A eterna busca pela felicidade

Somos sedentos por felicidade. Todo dia, toda hora, procuramos encontrar maneiras para aumentarmos ainda mais a nossa capacidade de ser feliz. Um livro novo aqui, uma televisão nova ali, tudo é motivo para esboçarmos um sorriso em prol da nossa própria satisfação. Porém, se parasse para pensar sobre o que é a felicidade, você saberia responder? Você conseguiria distinguir a verdadeira da pseudo razão da sua felicidade? Respondendo por mim mesma: talvez sim, talvez não, vai depender muito do meu estado de espírito.

Nessa última semana, participei de um bate-papo com o português David Machado, autor de “Índice Médio de Felicidade”, a sua mais recente publicação. Lá, dentre tantos assuntos abordados sobre o livro, ele comentou bastante sobre a felicidade e como ela é encarada nos dias atuais. Por ser alguém que sempre tenta ser o mais transparente possível em meus textos, me identifiquei com o tema e procurei prestar o máximo de atenção naquela fala. A atenção foi tão grande que acabou virando texto – esse que você está lendo agora.

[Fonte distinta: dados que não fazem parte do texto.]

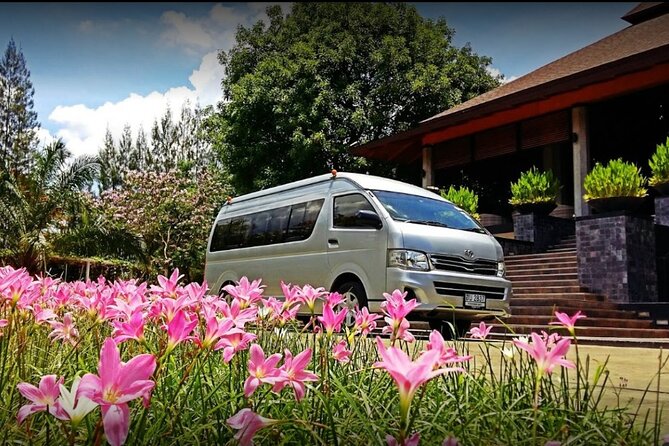 Private Transfer from Hotel to Bangkok Airport incl. tollway - The vehicle, luggage, and ride itself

Uma das muitas observações que Machado fez, enquanto dissertava sobre a sua vida e criação, foi a de que as pessoas não sabem mais quando estão felizes. E tudo isso por conta da intensa tecnologia que temos inserida em nossas vidas. Não estou aqui para demonizar nada e nem ninguém, mas por um lado, o que ele aponta é verdade. Não sabemos mais quando uma ação – ou uma atitude – poderá nos arrancar um sorriso. Pior: não sabemos desde quando um único clique e/ou toque é responsável pela felicidade momentânea que quase todos insistem em ter.

É preciso ter em mente que a felicidade, como qualquer outro sentimento, não pode ser comprada. Isso acontece porque ela não é um bem comercial ou uma mercadoria que basta você dar as costas para que perca o seu valor. A felicidade é algo bom, puro e que merece receber a sua devida atenção. Ela precisa ser sentida e experimentada antes de ser julgada. Ela precisa fazer com que as pessoas a entendam antes de acharem que aquilo que sentem é realmente felicidade – coisa que quase não é.

A felicidade é um eterno aprendizado, ou seja, dia após dia ela é pesquisada, analisada e entendida. Para ser feliz, basta a prática. Assim como ninguém é sempre feliz, ninguém também é sempre triste. A tristeza pode ser descartada quando não está entrelaçada com o digital. O mal dessa era digital é a de justamente camuflar a tristeza, transformando-a magicamente em felicidade. O mal das pessoas inseridas na era digital é o de estarem perdendo a capacidade de verem as coisas bonitas da vida. E olha que ela é bem cheia de beleza.

Você não é obrigado a estar feliz em 100% do seu dia, mas pare pra pensar quanta coisa bacana deixou passar por estar focado demais na sua tristeza contínua. A vida não é feita de marasmos, ela é feita também de um conjunto gigantesco de atos, gestos e palavras que pode nos ajudar a enxergar além daquilo que você considera como normal. Aliás, o normal não existe, foi algo inventado para tentar encaixar todo mundo em um determinado tipo de padrão. E quando você se ver em situações assim, lembre-se da famosa frase que sua mãe provavelmente lhe proferiu: você não é todo mundo.

Não esconda do mundo a sua felicidade. Se você se encontra em um momento feliz, comente e compartilhe isso com os que estão ao seu redor. Você vai ver que a felicidade é como uma grande corrente e que, quando emitida por alguém, alguém mais irá recebê-la e emaná-la.

A felicidade não foi feita para ser escondida; ela está constantemente dentro de cada um de nós e só é preciso explorar um pouquinho mais o lugar em que está guardada.

A felicidade não foi feita para ser buscada incessantemente dia após dia; ela foi feita, na verdade, para ser compartilhada.